__PROVIDED RECORDS__
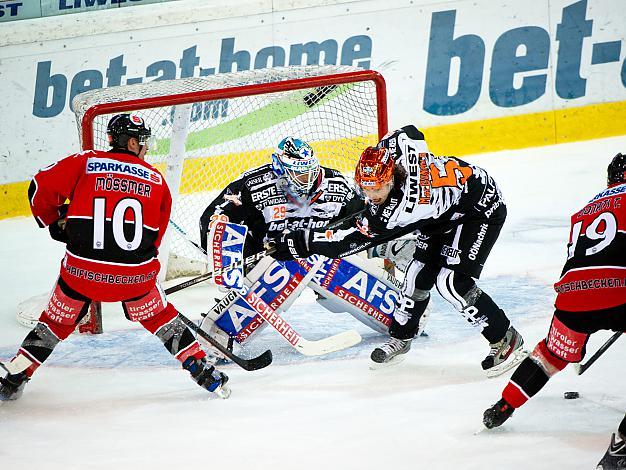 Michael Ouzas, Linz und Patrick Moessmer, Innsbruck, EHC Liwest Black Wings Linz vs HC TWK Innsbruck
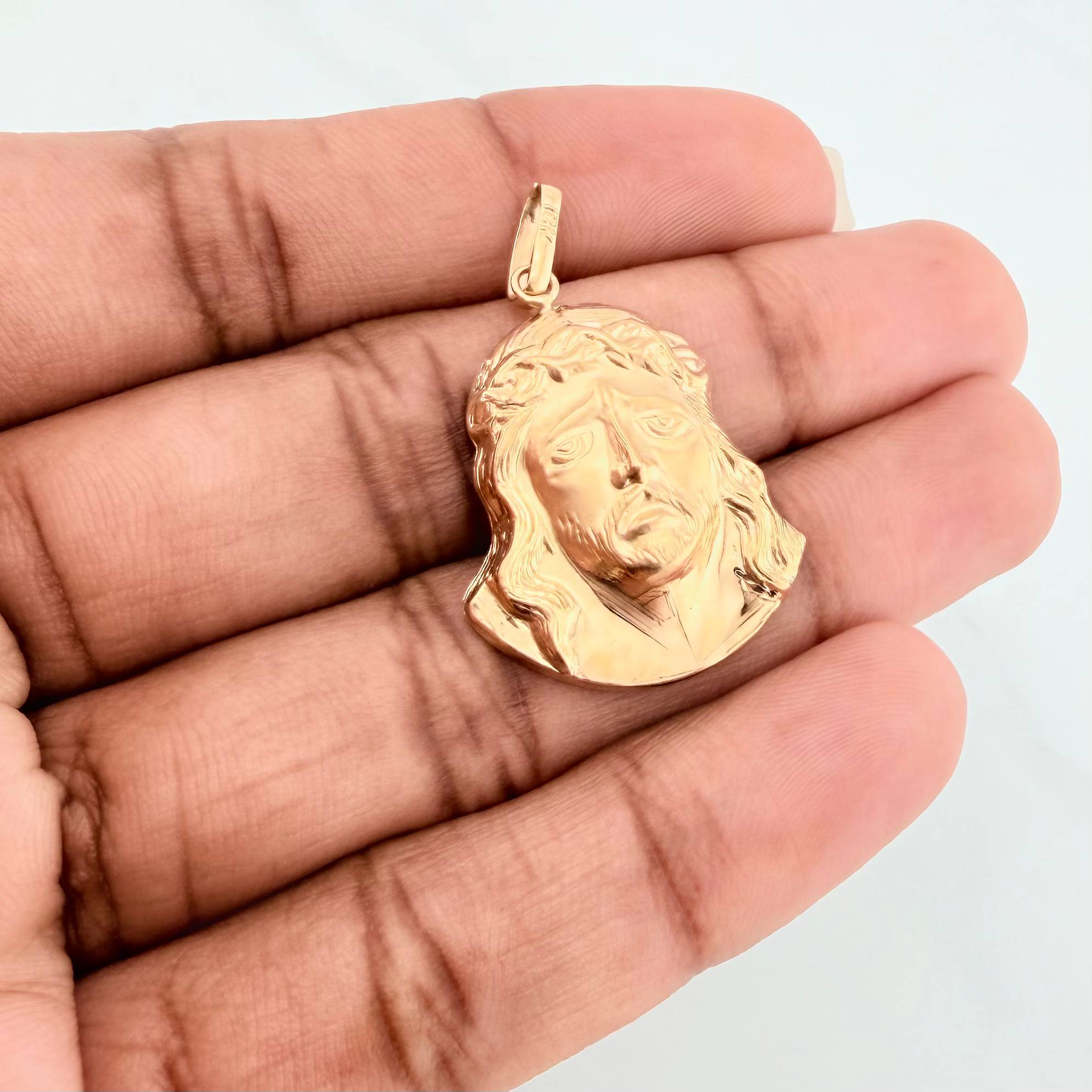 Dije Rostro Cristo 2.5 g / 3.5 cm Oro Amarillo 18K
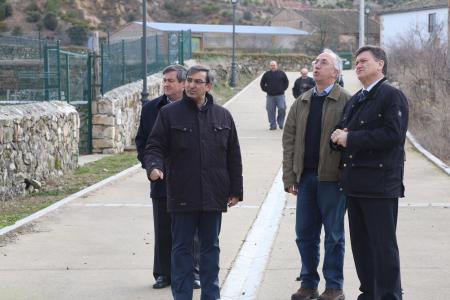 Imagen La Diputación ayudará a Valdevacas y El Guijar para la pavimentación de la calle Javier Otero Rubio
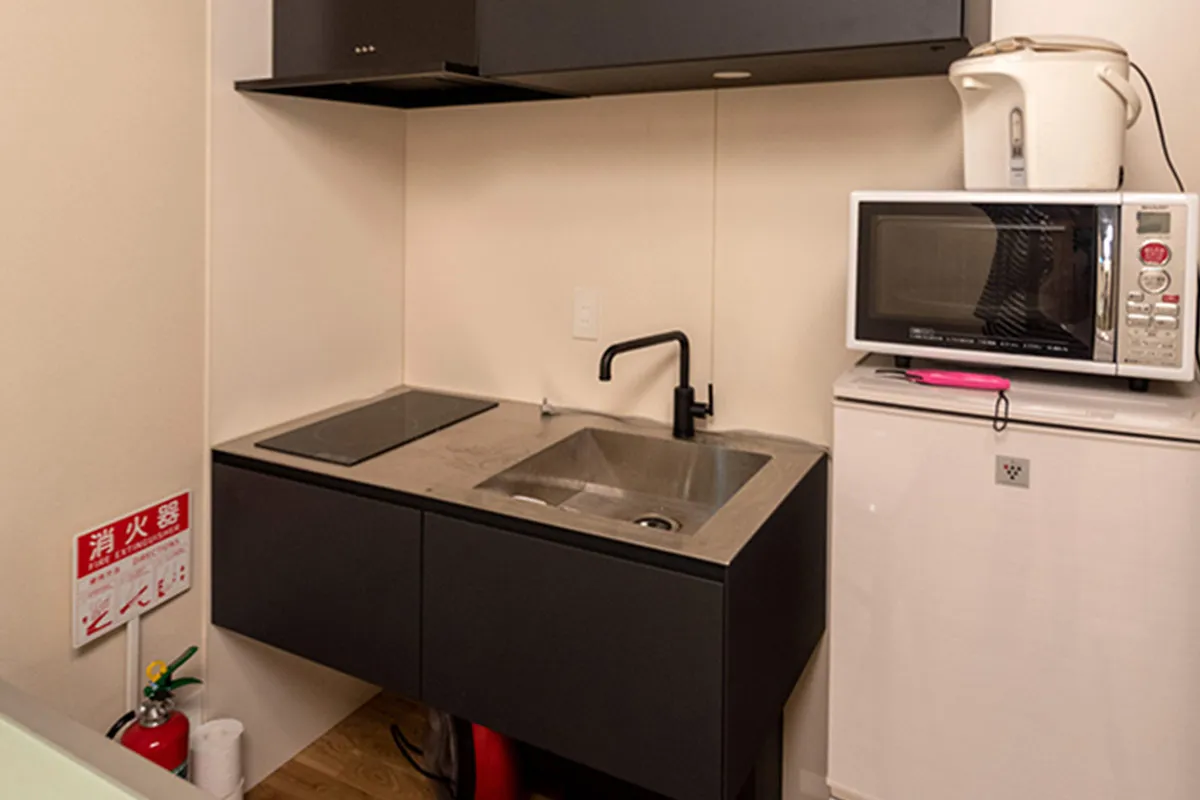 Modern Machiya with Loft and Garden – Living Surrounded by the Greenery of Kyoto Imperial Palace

---

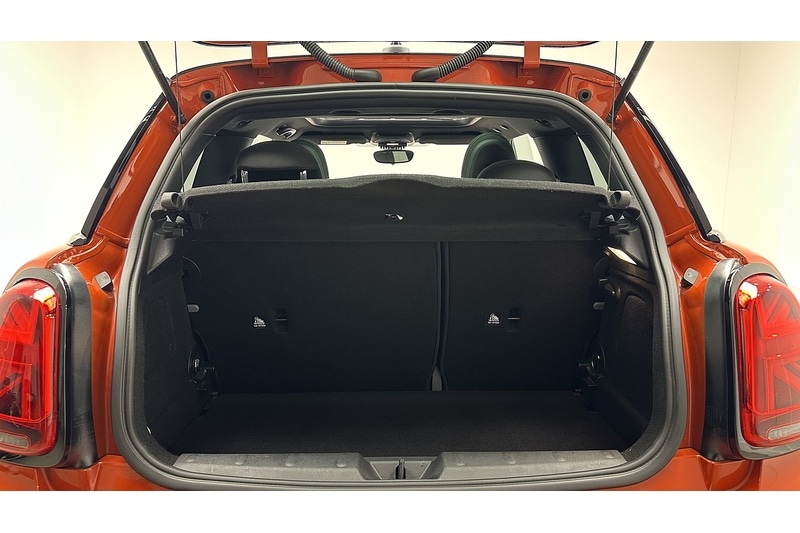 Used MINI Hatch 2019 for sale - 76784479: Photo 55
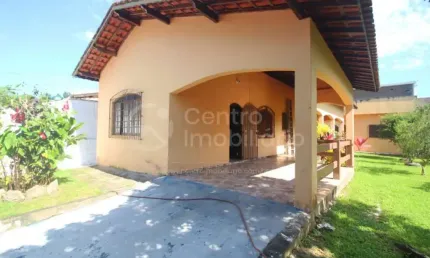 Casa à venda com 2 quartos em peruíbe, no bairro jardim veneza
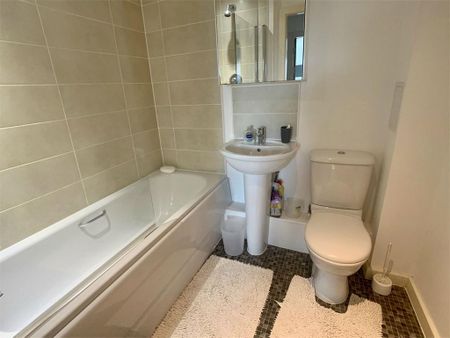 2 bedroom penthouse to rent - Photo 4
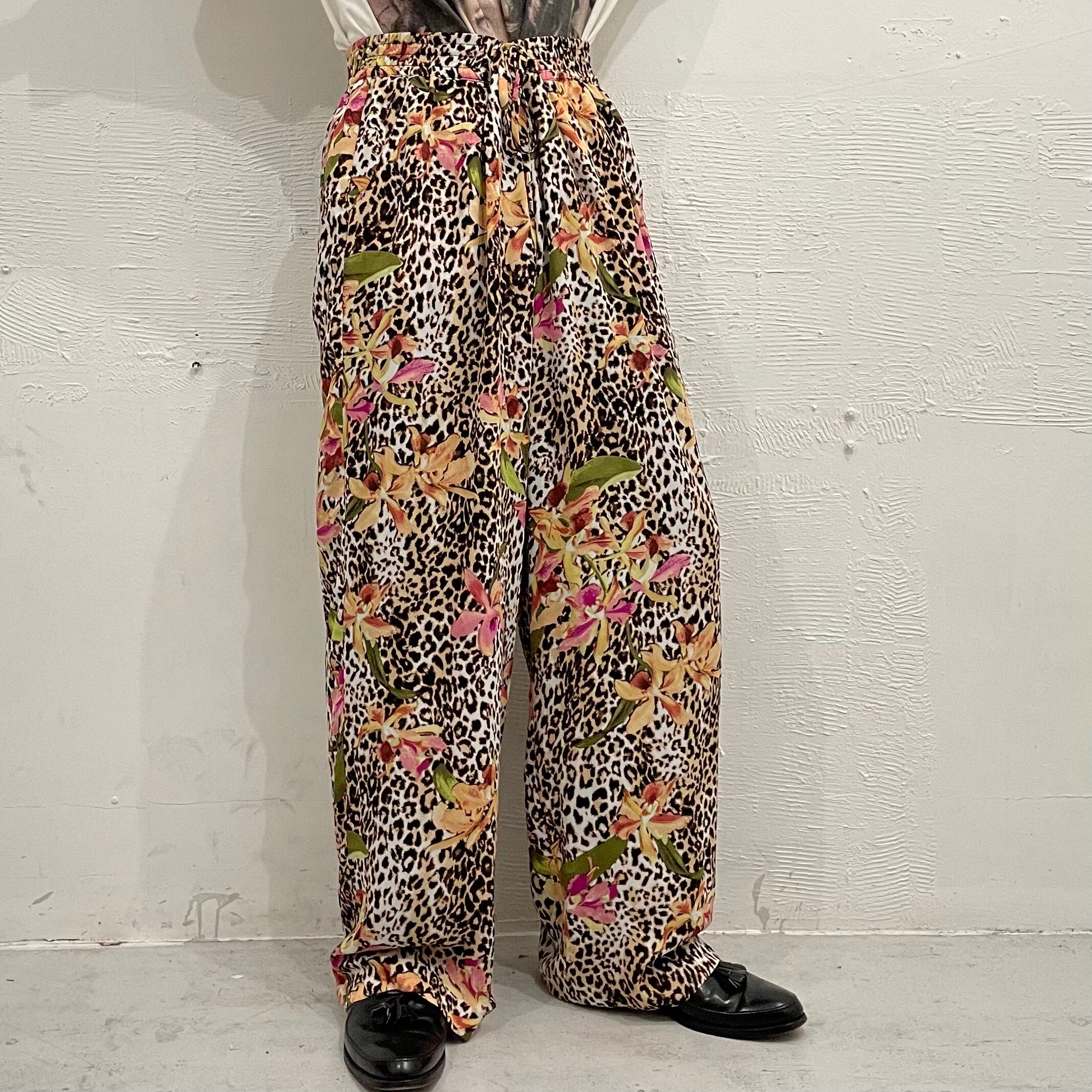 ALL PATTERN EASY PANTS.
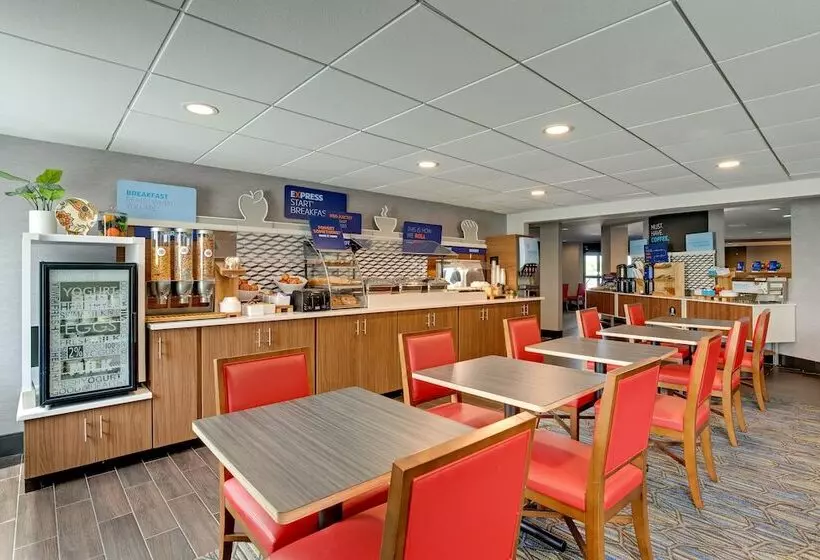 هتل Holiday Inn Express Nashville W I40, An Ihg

---

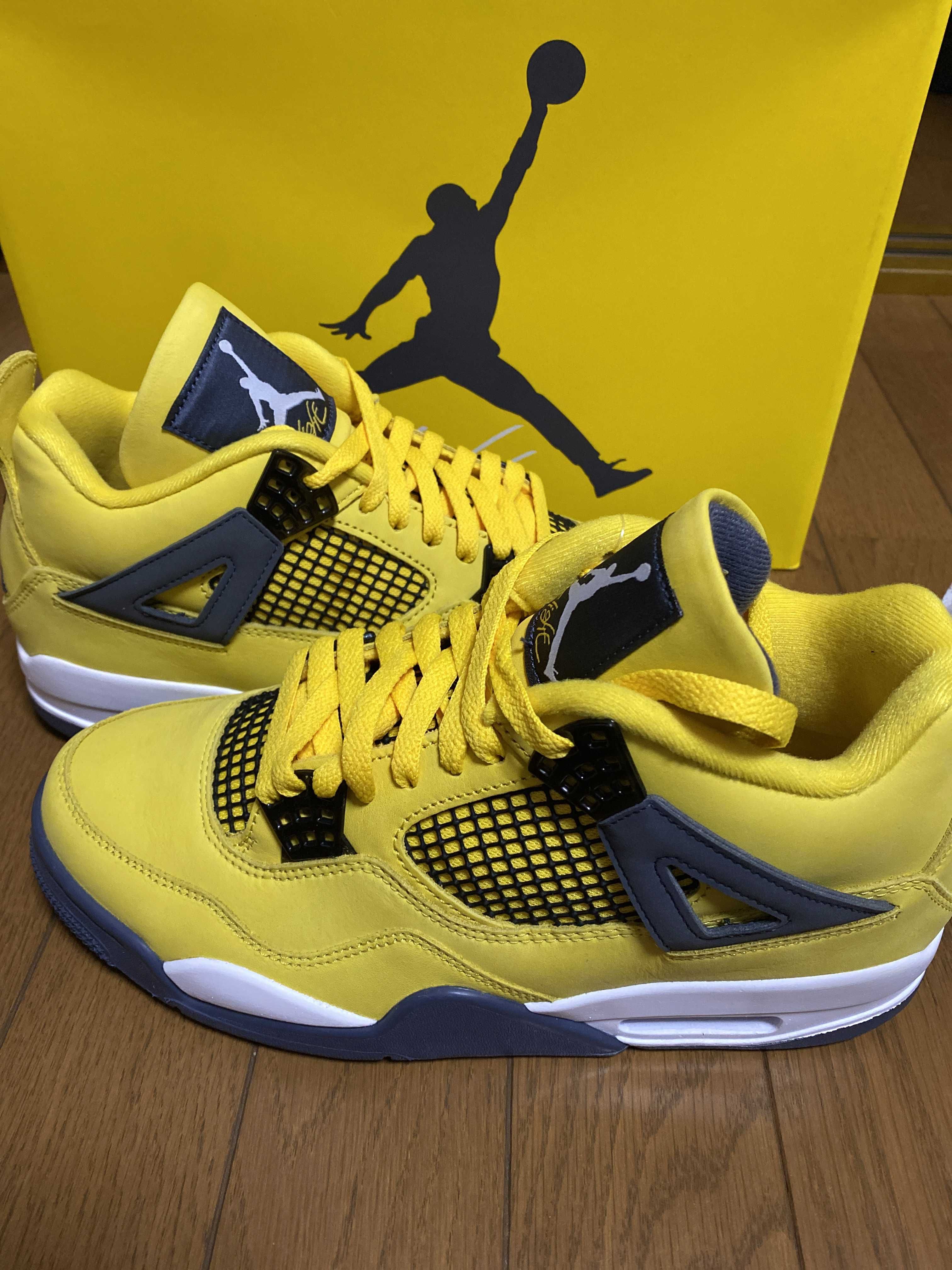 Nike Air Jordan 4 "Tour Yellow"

__EXERCISE GOAL__
Of the lines above, copy only those from the one holding "Used MINI Hatch" to the one holding "هتل Holiday Inn", both included, and exclude every image.

__TASK RESPONSE__
 Used MINI Hatch 2019 for sale - 76784479: Photo 55
 Casa à venda com 2 quartos em peruíbe, no bairro jardim veneza
 2 bedroom penthouse to rent - Photo 4
 ALL PATTERN EASY PANTS.
 هتل Holiday Inn Express Nashville W I40, An Ihg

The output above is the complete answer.